**DATA TO EXAMINE**
[Start of section]

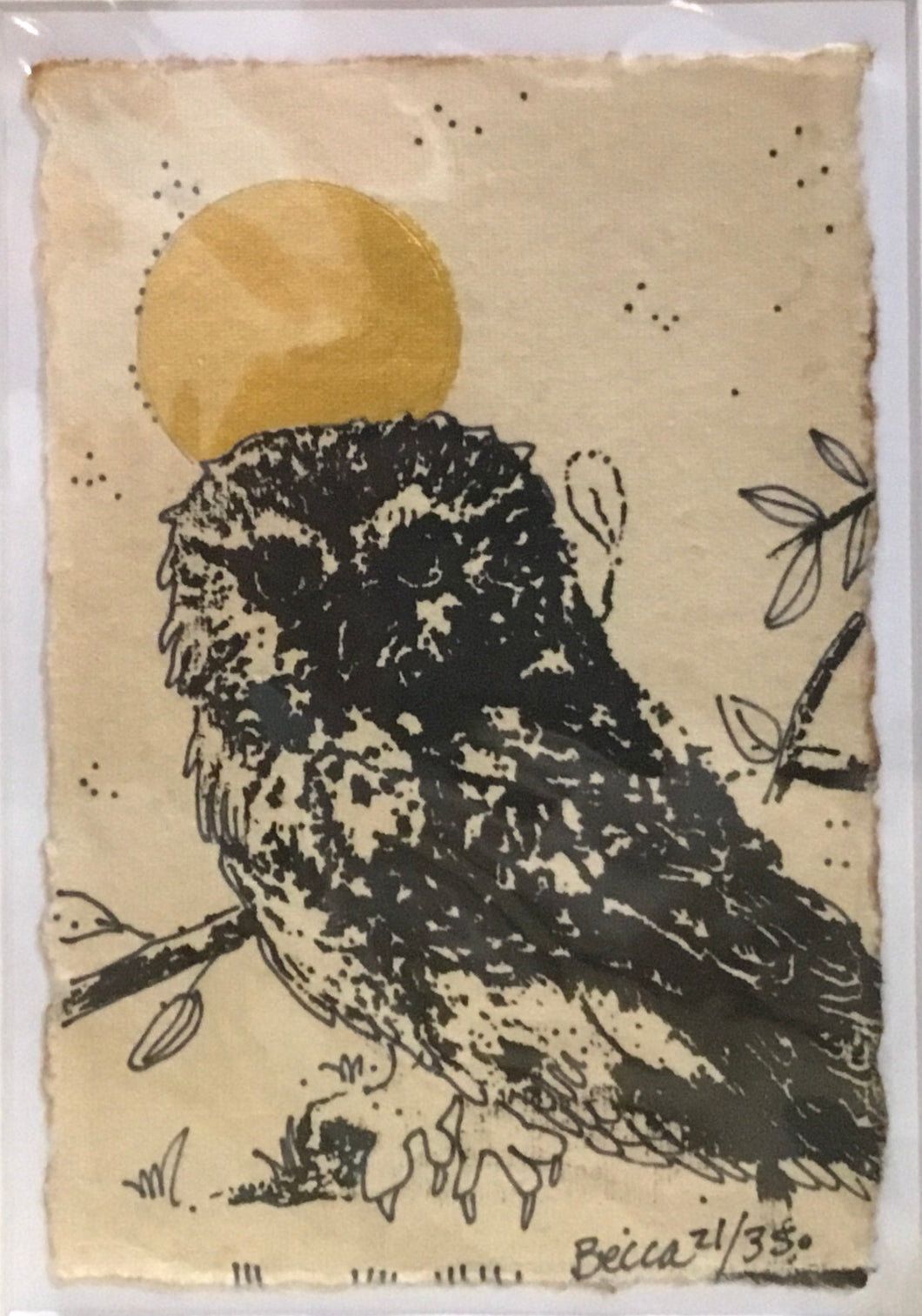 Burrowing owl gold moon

[End of section]
[Start of section]

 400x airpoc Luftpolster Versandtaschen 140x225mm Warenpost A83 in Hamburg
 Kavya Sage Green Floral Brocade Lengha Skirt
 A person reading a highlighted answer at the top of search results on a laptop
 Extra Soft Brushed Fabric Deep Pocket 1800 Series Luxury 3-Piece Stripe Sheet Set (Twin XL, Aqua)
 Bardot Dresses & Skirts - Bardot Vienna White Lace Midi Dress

[End of section]

**WHAT IS EXPECTED**
Take the line above containing "Extra Soft Brushed", the line containing "Bardot Dresses &", and all lines in between, and copy them exactly without anything else.

**SOLUTION**
 Extra Soft Brushed Fabric Deep Pocket 1800 Series Luxury 3-Piece Stripe Sheet Set (Twin XL, Aqua)
 Bardot Dresses & Skirts - Bardot Vienna White Lace Midi Dress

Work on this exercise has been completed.